ERPM signed a letter endorsing comments that demonstrate to the Commission that there is a chorus of support from within the public broadcasting system for its proposal to adopt a more relaxed and reasonable enforcement policy.  

July 18, 2013

By Electronic Filing
Marlene H. Dortch, Secretary
Federal Communications Commission
445 Twelfth Street, SW
Washington, DC 20554

Re:       Reply Comments of the Public Radio Regional Organizations
Adopting an “Egregious Cases” Enforcement Policy (GN Docket No. 13-86)

Dear Ms. Dortch:

The undersigned are the leaders of the four public radio regional organizations comprised of 200 stations located in all four corners of the nation, whose purpose is to represent the views of our members on issues that impact local stations. We write to support the Commission’s proposal to adopt an “egregious cases” approach to indecency enforcement. In doing so, we endorse the comments filed by National Public Radio (NPR) on June 19, 2013. Such an approach would significantly lessen the chilling effect currently imposed on responsible broadcasters like our member stations, and ultimately help them better fulfill their public service missions.

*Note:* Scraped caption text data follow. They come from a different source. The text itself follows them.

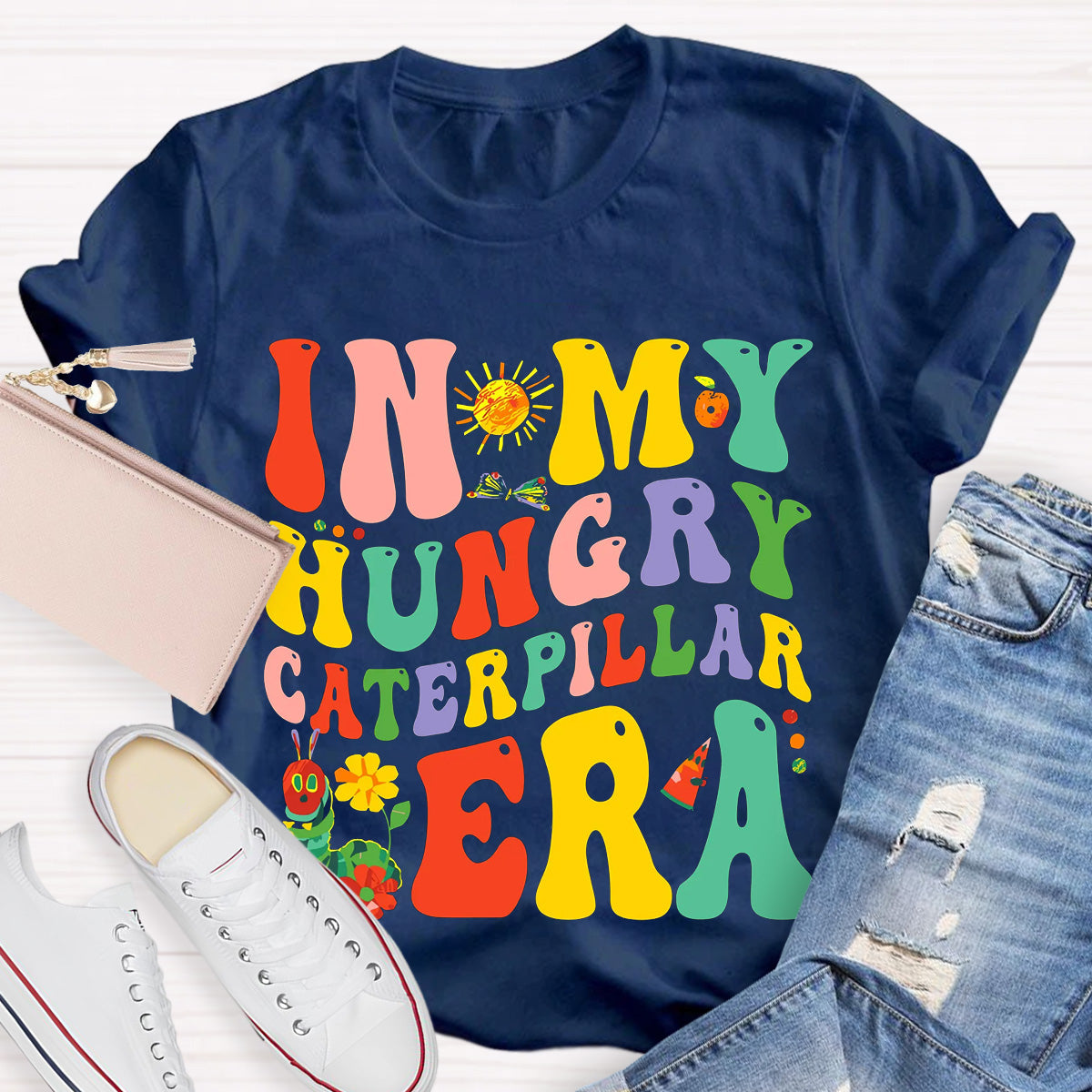 In My Hungry Caterpillar Era T-Shirt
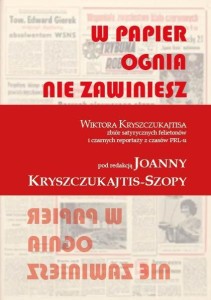 W PAPIER OGNIA NIE ZAWINIESZ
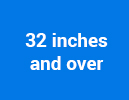 32 inches and over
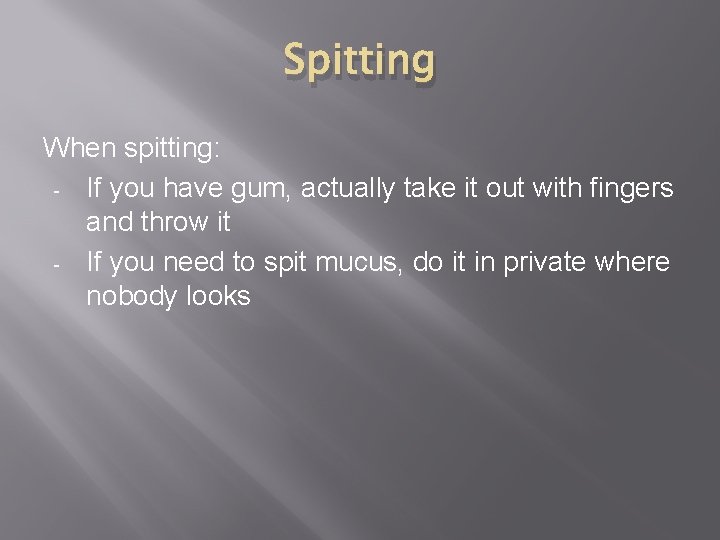 Spitting When spitting: - If you have gum, actually take it out with fingers
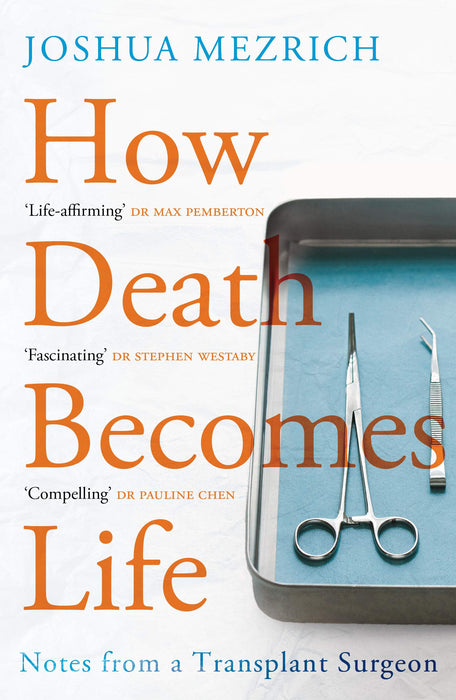 How Death Becomes Life- Notes from a Transplant Surgeon
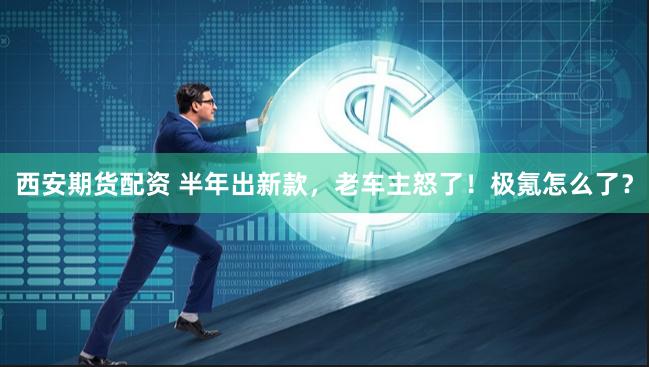 西安期货配资 半年出新款，老车主怒了！极氪怎么了？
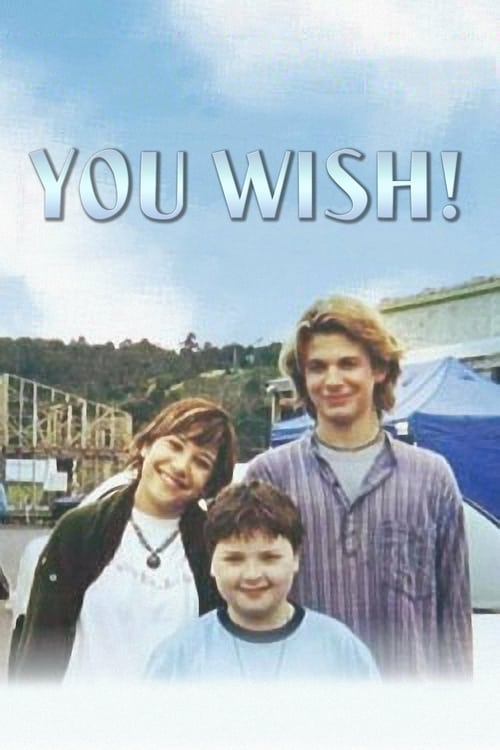 You Wish! - Movie Poster You Wish! - Movie Poster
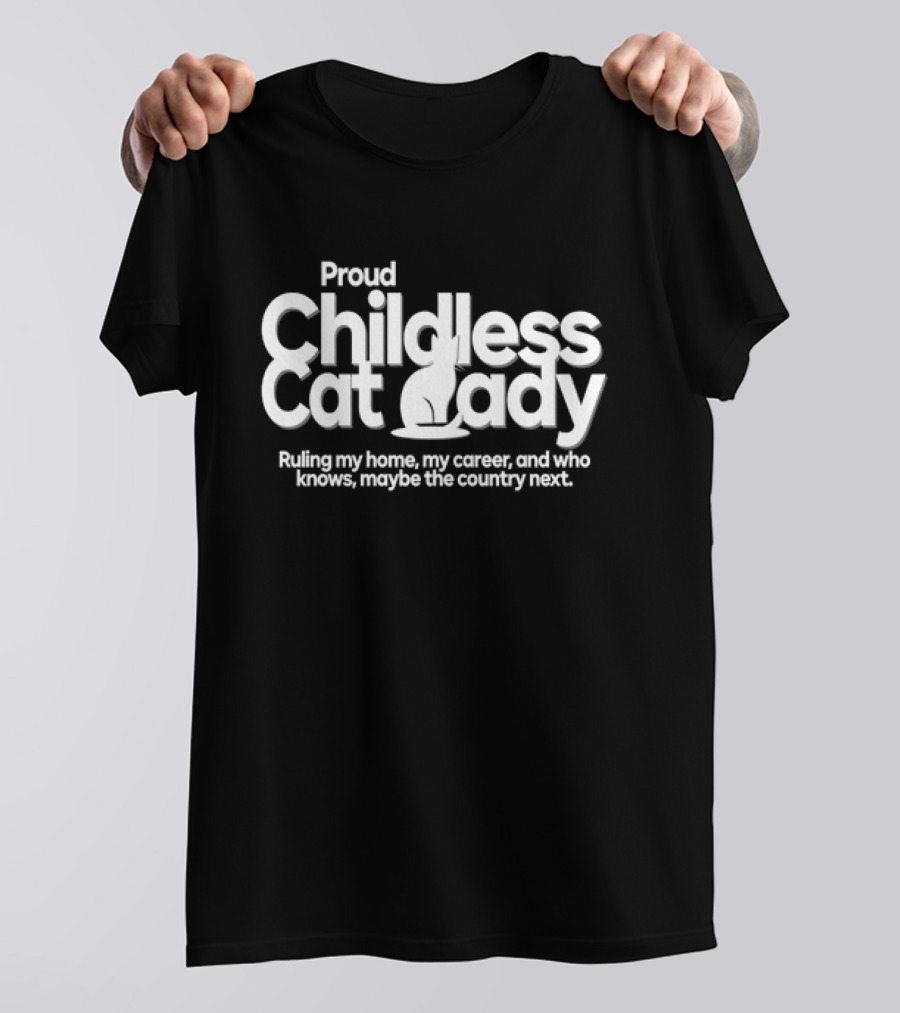 Proud Childless Cat Lady Ruling My Home My Career Maybe The Country Next T-Shirt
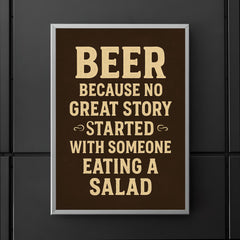 Beer because no great story started with someone eating a salad poster 5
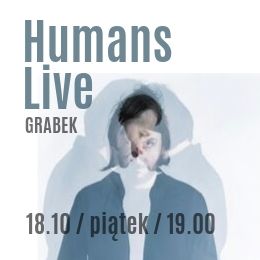 Grabek - Humans Live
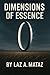 Dimensions of Essence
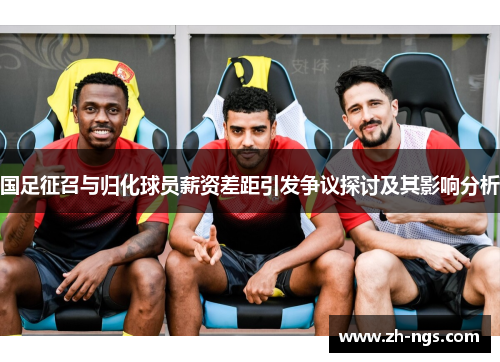 国足征召与归化球员薪资差距引发争议探讨及其影响分析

Public radio stations are nonprofit organizations that are committed to providing the highest quality news, public affairs and cultural programming available today.  Perhaps more importantly, local stations strive to provide what the commercial market does not—in-depth coverage of people and events where, to the greatest extent possible, the voices of actual participants, observers, and related ambient sounds are used to facilitate deeper understanding of the events being described. In applying this unique approach, public radio stations like our members are exceedingly careful not to offend the sensibilities of their audiences.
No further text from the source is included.